The Minnesota Opera announced Monday that it's creating a youth opera based on "The Song Poet," Yang's acclaimed 2017 memoir about her father, Bee Yang, who composed and sang songs about life and politics, love and family.
It's the first time a Hmong story will be translated to the operatic stage, Yang said.
"I wrote the 'Song Poet' knowing my father's story was the stuff of great art," the St. Paul writer said by phone.
The book follows a young boy whose father dies, who grows up in a warn-torn country, who tries to find the place his father was buried. The tale begins in Laos, moves to a refugee camp in Thailand, then makes its way to Minnesota. "This is incredibly operatic," she said, "dramatic and beautiful."
For its Project Opera, a youth vocal training program, the Minnesota Opera is scouting for stories that connect with young audiences and reflect the Twin Cities community, said Jamie Andrews, the company's chief learning officer. When he sat down with "The Song Poet," he knew it would make an incredible opera.
"Kalia's writing is just so lyrical and beautiful — so singable," Andrews said. "I instantly knew this was it."
The Minnesota Opera is nationally known for launching new works. "The Song Poet" becomes the third opera commissioned for Project Opera, which will premiere it at the Lab Theater in Minneapolis in 2021. Theater Mu founder Rick Shiomi will direct. New York City composer Nkeiru Okoye will write the score. Okoye and Minnesota playwright and performer Katie Ka Vang will pen the libretto.
Crafting this opera, the team must "proceed very carefully," Yang said. She knows of just one Hmong trained opera singer, and there are few Hmong kids studying the form.
How can this story be staged in a way that accurately reflects Hmong culture? she wonders. "How do you do this without going to 'yellow face?' [casting a white performer in an Asian role]. How do you do this honoring the heart and the home that has built me?
"We're making history. I'm cognizant of this. So there are many things running through my head. But I think I listened to what was in my heart. And that was the opportunity to see my father's story translated onto the stage, something that neither he nor I ever dared to dream of."
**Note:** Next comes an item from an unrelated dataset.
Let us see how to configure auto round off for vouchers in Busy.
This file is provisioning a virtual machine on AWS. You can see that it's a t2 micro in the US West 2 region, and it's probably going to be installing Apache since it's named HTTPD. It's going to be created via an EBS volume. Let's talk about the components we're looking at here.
Bee Yang has performed traditional song poetry, or kwv txhiaj, since he was 12 years old, becoming a keeper of Hmong history. "When I began singing song poetry I discovered I could share our stories of hurt and sorrow, of missing and despair, of anger and betrayal," he said in the book.
This daughter's telling of his story — and how it shaped her own — won the Minnesota Book Award for memoir and creative nonfiction. The 39-year-old author and Harding High School graduate is best known for her 2008 book "The LateHomecomer: A Hmong Family Memoir," which nabbed two Minnesota Book Awards. After graduating from Carleton College, Yang earned an MFA in creative nonfiction at Columbia University.
The Minnesota Opera plans to bring "The Song Poet" to other stages, Andrews said. "Do we go over to Harding High School? Or to St. Paul? Elsewhere in Minnesota?" With plans for a small cast and limited technical demands, he said "the piece is being constructed in a way that hopefully other groups can pick it up and perform it."
To ensure that the cast is diverse, the opera company will reach into the Hmong-American community, Andrews said. It's working with the Saint Paul Music Academy and talking with Theater Mu, an Asian-American troupe. "It's not just a Hmong cast," Andrews said. "But we're doing some strategies already now for 2021, to build those connections and find those kids."
Yang can't wait for Hmong young people to see the opera.
When Yang was young, she took the occasional field trip to the Ordway or the Guthrie. "You'd go in knowing that you'd be entering into a different culture," she said. "I couldn't have imagined, as a child, walking into a place and seeing something from the Hmong story represented.
"I hope that for those young Hmong people who get to see this, it opens up possibilities for them. Not just Hmong — but all refugee children... I want them to understand that we can make history, too. That it doesn't have to be very big or very loud to be very important."